Sevenseaholidays sent me two invoices to pay by bank transfer, into two different bank accounts. After I paid £1,180 I was given the reference numbers, and invited to check the reservation on the Qatar Airways website.
A few days later it emerged that people coming to the UK via Qatar would have to self-isolate in a hotel, so I called the company, and requested the reservations be changed to direct flights, for which I sent a further £983.
I was then told that I had paid the money into the wrong account, and that I would lose the flights unless I paid this sum again into the right bank account. I was promised a refund of the £983 overpayment, but this failed to materialise.
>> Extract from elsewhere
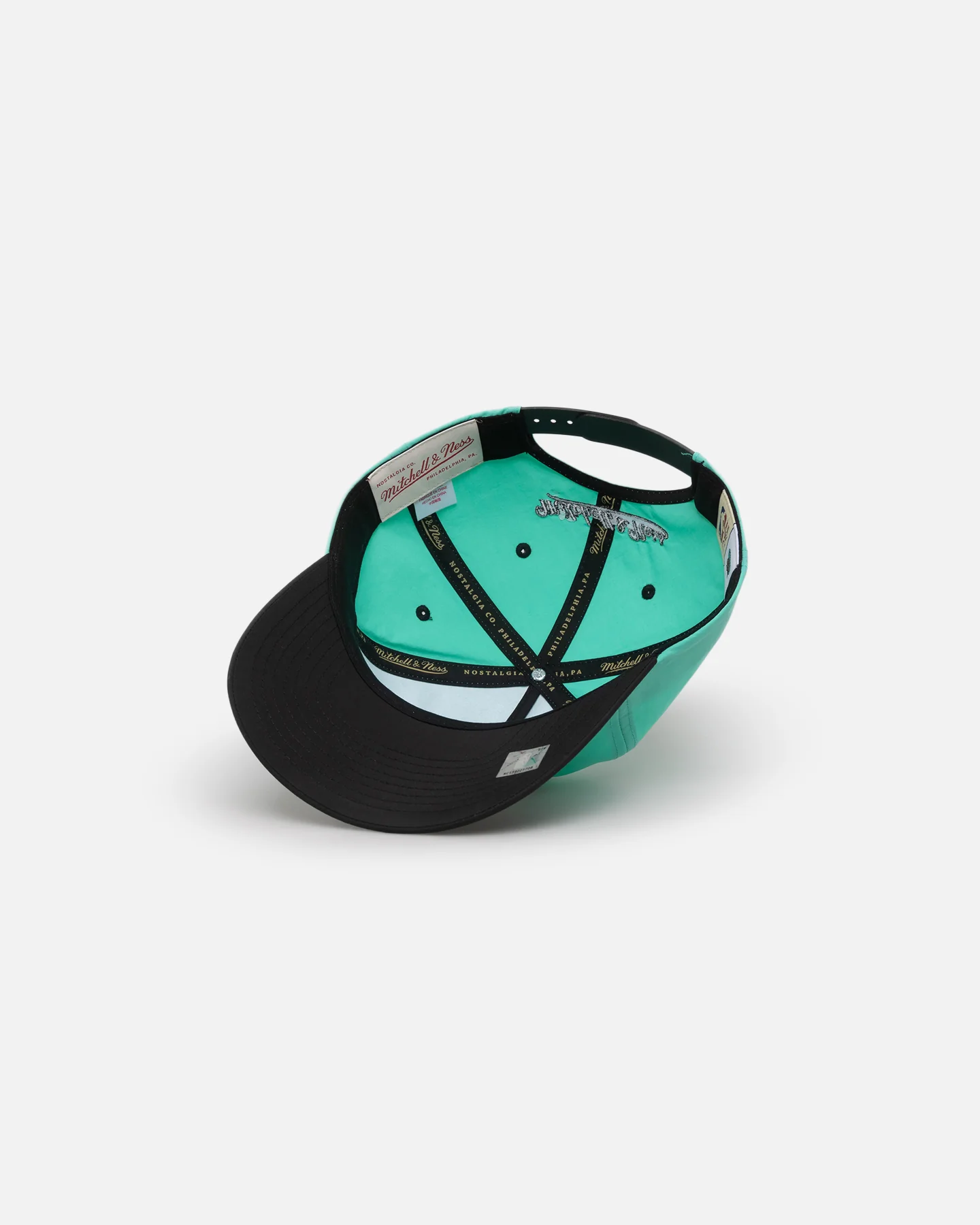 Mitchell & Ness Memphis Grizzlies Nylon Deadstock 2-Tone Snapback Bright Aqua/Black - Image 6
When it asked for a further £500 to provide the direct flights, I started to think this was a scam. I have since discovered that my Qatar flights had been cancelled, and British Airways has no record of my direct flight booking.
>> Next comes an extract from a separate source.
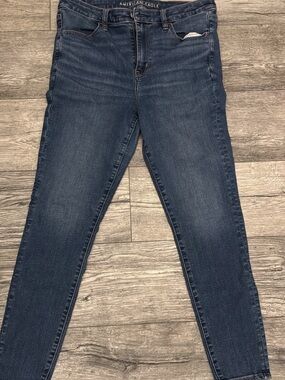 American Eagle Outfitters Women's Dark Wash Skinny Jeans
I reported it to my bank HSBC, which has refunded £590 of the £3,000 I’d paid, and to Action Fraud. However, the company still seems to be trading.
FR, London
Legitimate firms are usually happy to engage with us when we take up complaints like these, but Sevenseaholidays has not. I have called the firm twice and been cut off both times, and then found both of my phone numbers blocked. It has not responded to emails either.
The company, which advertises on Facebook and has an address in Blackpool, has been called out for falsely claiming to be a member of Abta. In February, a legitimate travel agent, World Travel Lounge, said it had reported the firm you bought your tickets from to Lancashire Constabulary, Action Fraud and the Civil Aviation Authority for fraudulently using its Atol licence.
Another travel agent with a similar name, 7SeasHolidays, has a warning on its website saying that it is in no way connected to Sevenseaholidays.
On the basis that you think you have been defrauded, you need to file an authorised push payment fraud claim with your bank. HSBC is one of the banks that has signed up to refund innocent victims of such scams. I have sent your letter on to HSBC, have explained the position, and will report back if it fails to refund you. You should contact Lancashire police too and local trading standards.
In the meantime, others need to be aware of what this firm is doing. It’s always worth Googling a firm you have never heard of before sending it any money – and being very wary of any firm that asks for bank transfers rather than the traditional card payments. Just as Money went to press, it emerged the City of London police had taken Sevenseaholidays’ website offline.